LEAD: Two police officers responding to a reported robbery at a Brooklyn tavern early yesterday were themselves held up by the robbers, who took their revolvers and herded them into a back room with patrons, the police said.

更新

事实上我的情况有点不同,因为我有一些额外的 XML 格式我想保留,即 <PERSON>

 <block class="full_text">
    <p>SCHEINMAN</PERSON>--<PERSON>Alan</PERSON>. Happy Birthday. Thirteen years, many tears. Loving memories of your smile, humor, and laughter comfort us. You are always in our hearts. Love, <PERSON>Roni</PERSON>, <PERSON>Sandy</PERSON>, <PERSON>Jarret</PERSON>, <PERSON>Greg</PERSON>, <PERSON>Kate</PERSON>, and <PERSON>Auden Gray</PERSON></p>
 </block></body.content></body></nitf>

理想的输出是:

SCHEINMAN</PERSON>--<PERSON>Alan</PERSON>. Happy Birthday. Thirteen years, many tears. Loving memories of your smile, humor, and laughter comfort us.

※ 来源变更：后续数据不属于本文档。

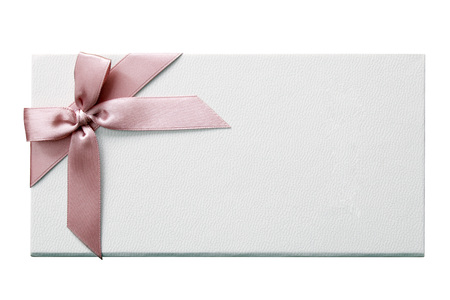 White gift box decorated with a pink bow on an isolated white backgroundの写真素材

You are always in our hearts. Love, <PERSON>Roni</PERSON>, <PERSON>Sandy</PERSON>, <PERSON>Jarret</PERSON>, <PERSON>Greg</PERSON>, <PERSON>Kate</PERSON>, and <PERSON>Auden Gray</PERSON>

我目前的尝试:

BufferedReader br = new BufferedReader(new FileReader(filename));
try 
{
  StringBuilder sb = new StringBuilder();
  String line = br.readLine();

  while (line != null) 
  {
    sb.append(line);
    sb.append(System.lineSeparator());
    line = br.readLine();
  }
  String everything = sb.toString();

  Document doc = Jsoup.parse(everything);
  String link = doc.select("block.full_text").text();
  System.out.println(link);      
}
finally 
{
  br.close();
}

您可以在 jsoup 中使用 CSS 选择器。

String html = "<body.content>\n"
        + "  <block class=\"lead_paragraph\">\n"
        + "    <p>LEAD: Two police officers responding to a reported robbery at a Brooklyn tavern early yesterday were themselves held up by the robbers, who took their revolvers and herded them into a back room with patrons, the police said.</p>\n"
        + "  </block>\n"
        + "  <block class=\"full_text\">\n"
        + "    <p>LEAD: Two police officers responding to a reported robbery at a Brooklyn tavern early yesterday were themselves held up by the robbers, who took their revolvers and herded them into a back room with patrons, the police said.</p>\n"
        + "  </block>";
Document doc = Jsoup.parse(html);
String link = doc.select("block.full_text").text();
System.out.println(link);

输出:

LEAD: Two police officers responding to a reported robbery at a Brooklyn tavern early yesterday were themselves held up by the robbers, who took their revolvers and herded them into a back room with patrons, the police said.

更新:

String html = "<block class=\"full_text\">\n"
        + "    <p>SCHEINMAN</PERSON>--<PERSON>Alan</PERSON>. Happy Birthday. Thirteen years, many tears. Loving memories of your smile, humor, and laughter comfort us. You are always in our hearts. Love, <PERSON>Roni</PERSON>, <PERSON>Sandy</PERSON>, <PERSON>Jarret</PERSON>, <PERSON>Greg</PERSON>, <PERSON>Kate</PERSON>, and <PERSON>Auden Gray</PERSON></p></block></body.content></body></nitf>";
Document doc = Jsoup.parse(html);
String link = doc.select("block.full_text").html();
System.out.println(link);

输出:

<p>SCHEINMAN--
 <person>
  Alan
 </person>. Happy Birthday. Thirteen years, many tears. Loving memories of your smile, humor, and laughter comfort us. You are always in our hearts. Love, 
 <person>
  Roni
 </person>, 
 <person>
  Sandy
 </person>, 
 <person>
  Jarret
 </person>, 
 <person>
  Greg
 </person>, 
 <person>
  Kate
 </person>, and 
 <person>
  Auden Gray
 </person></p>